How to prepare data for overlap analysis with Venn diagram inside Google Data Studio
I always prefer preparing data outside Data Studio and I always prefer using builtin chart types when it is possible.
But sometimes, we need something fast, more or less disposable, addressing temporarily visualization needs, to get a first level of insights.
This article describes how to create quickly an overlap report, loading raw data from several data sets, preparing them to respect the required format of Venn diagram input and display them.
1. Concepts and requirements about overlap & Venn diagram
Overlap and Venn diagram considerations
Overlap report cannot be made with aggregated metrics. It requires an identifier, common to each data set, to allow to scan if every value is present (or not) in each data set.

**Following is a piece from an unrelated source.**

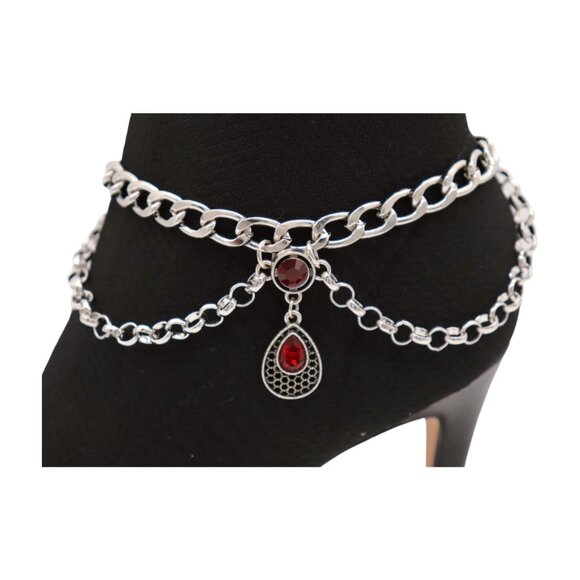 Women Silver Metal Boot Chain Bracelet Shoe Anklet Ethnic Drop Charm Red 2PCS - Picture 15 of 17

On the other hand, to display disks and related intersections, the viz engine expects a metric value of each data set (disks), and in addition, metric value of each intersection. In other wording, preparing data, we must create also redundancy inside output data set for intersections purposes.
Queries overlap of organic results & Google Ads impressions
For this tutorial, I decide to use Google Search Console (GSC – site data) & Google Ads data of a website to quantify the number terms with impressions:
- Specific to organic results
- Specific to Ads
- Common to both elements, present on the search engine result page (SERP) of Google…so the intersection of Ads disk and GSC disk
I keep it simple using just 2 data sources, but the way it is designed allows to include more sets of data (see the 2nd example at the end of the article).
So regarding what we said about Venn diagram considerations, in our example:
- Our identifier is Search Term (And query from GSC)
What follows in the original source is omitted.